SOURCE MATERIAL:
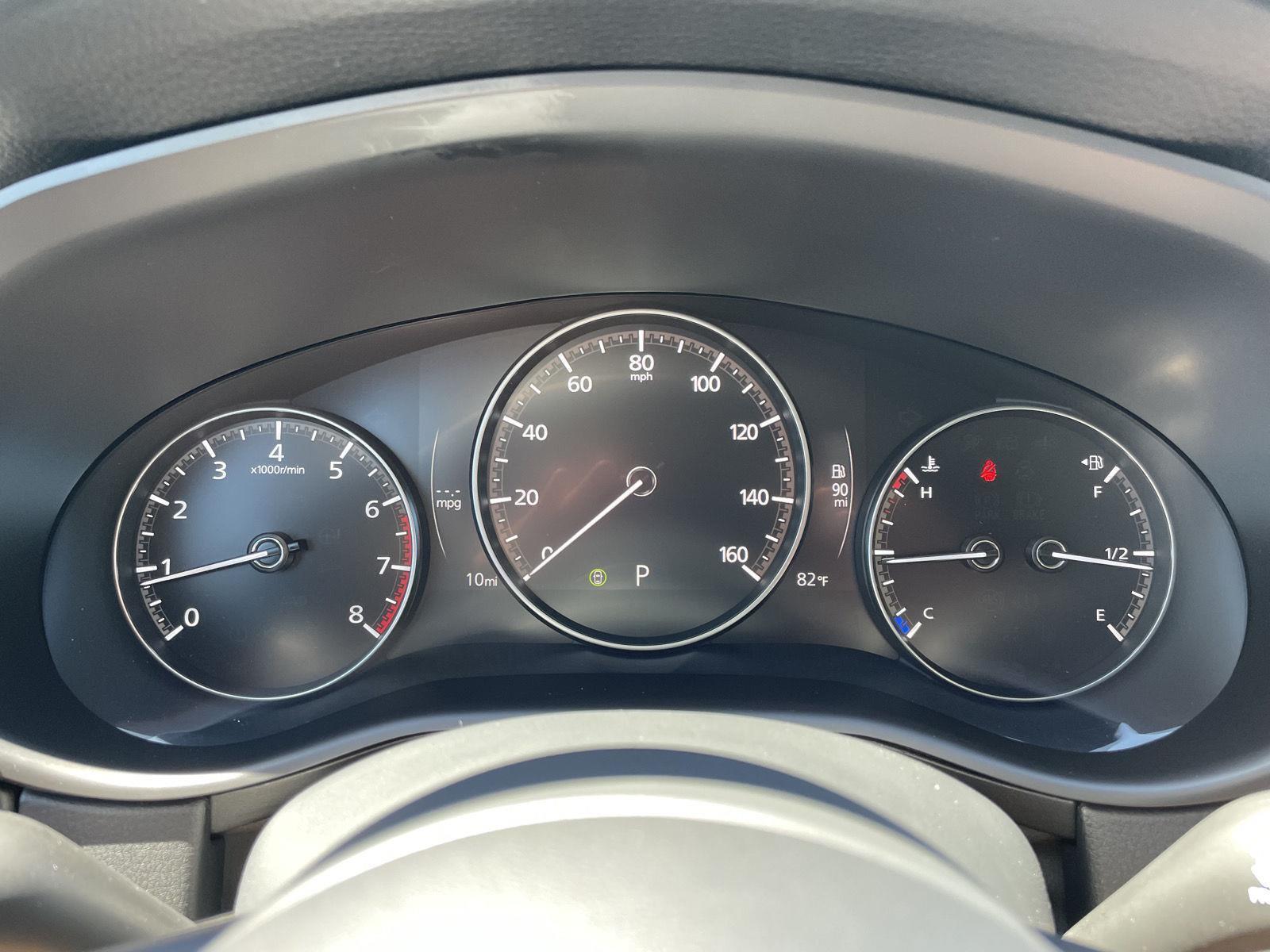 Vehicle photo 14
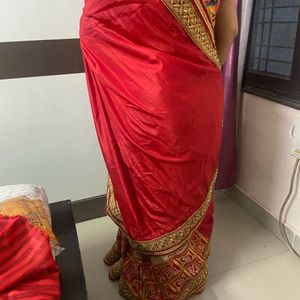 Beautiful Saree With Unstitched Blouse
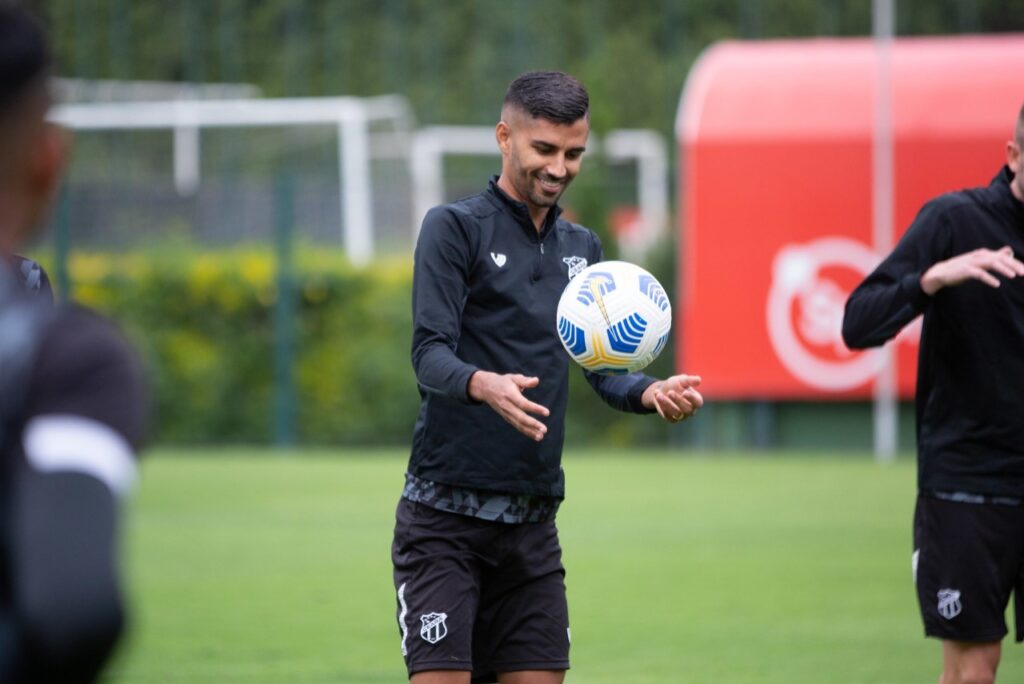 Jorginho retorna ao Atlético-GO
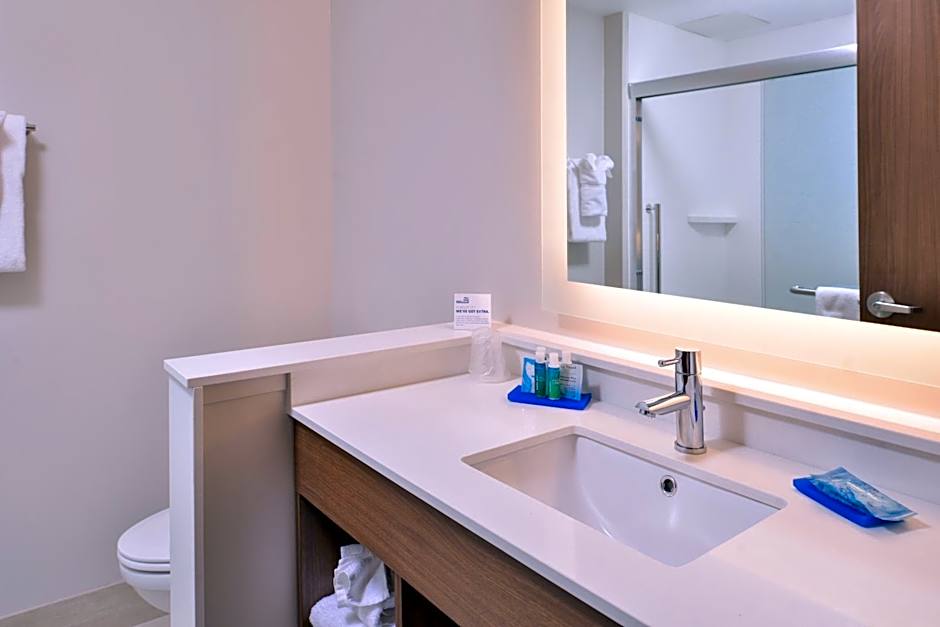 Holiday Inn Express & Suites Farmville By IHG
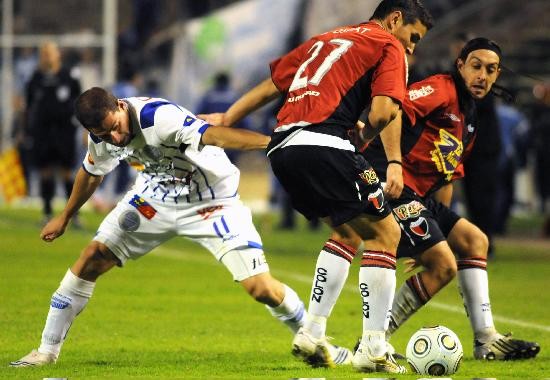 El Sabalero se recuper en Mendoza y gan despus de dos fechas. 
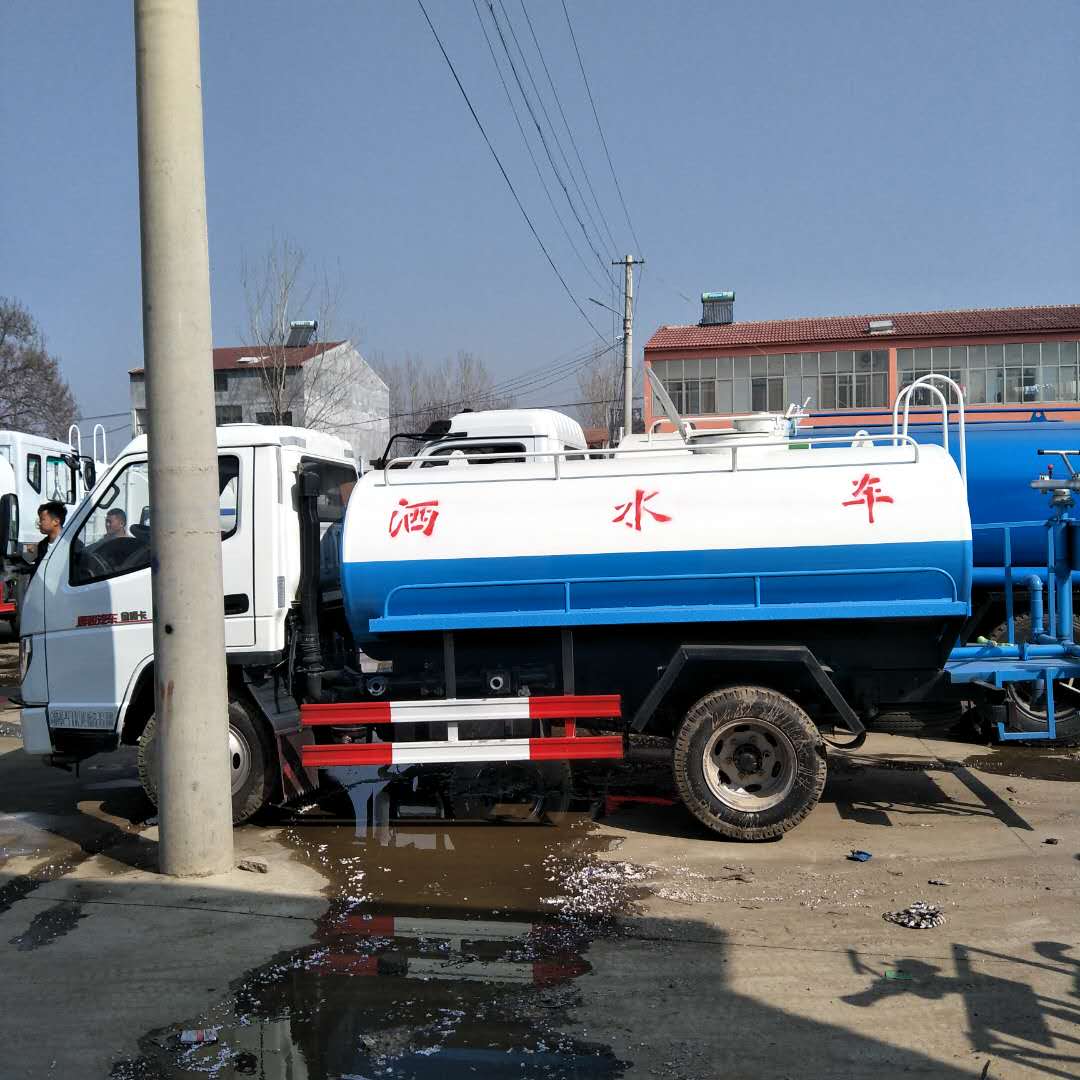 浙江省多功能洒水车2到15方多少钱  喷洒车  运水车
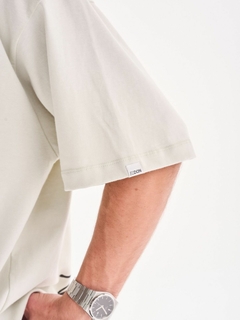 ED Remera Boxy Honest (RE1255) - Cumbres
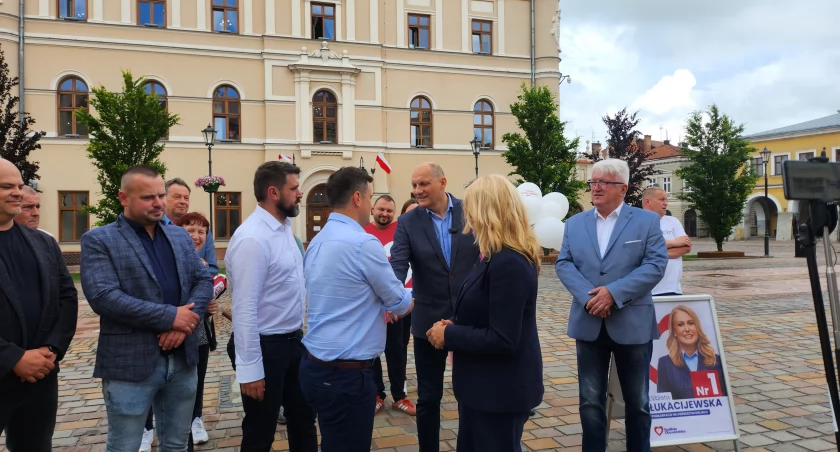 Europosłanka Elżbieta Łukacijewska zachęcała w Jarosławiu do głosowania podczas niedzielnych wyborów do Parlamentu Europejskiego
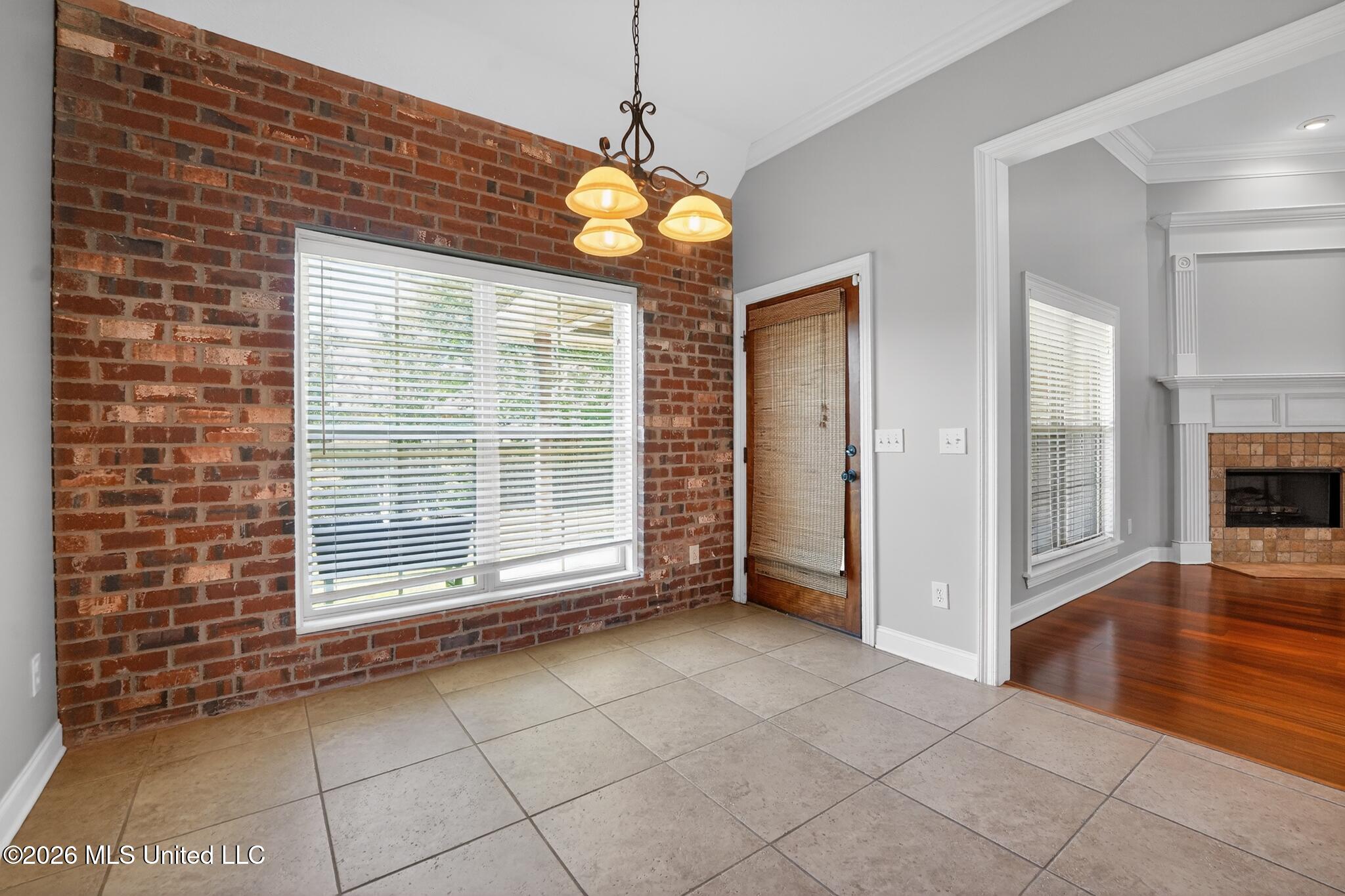 308 Turtle Hollow Brandon, MS 39047 - Photo 22 of 40 18_308_Turtle_Hollow-Dining_room-8053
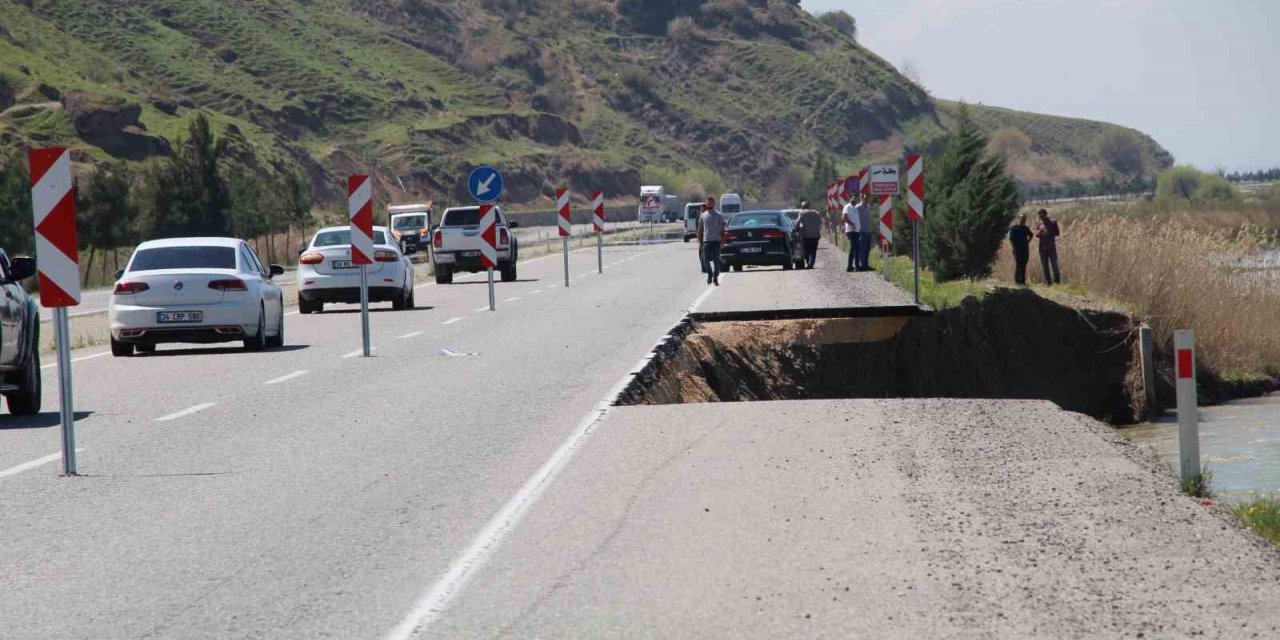 Batman’da çöken yolda onarım çalışmaları başlatıldı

ASSIGNMENT:
Where the line with "Europosłanka Elżbieta Łukacijewska" appears, begin there and transcribe exactly through the last line of the data, leaving all pictures aside.

SOLUTION FOR THIS EXERCISE:
 Europosłanka Elżbieta Łukacijewska zachęcała w Jarosławiu do głosowania podczas niedzielnych wyborów do Parlamentu Europejskiego
 308 Turtle Hollow Brandon, MS 39047 - Photo 22 of 40 18_308_Turtle_Hollow-Dining_room-8053
 Batman’da çöken yolda onarım çalışmaları başlatıldı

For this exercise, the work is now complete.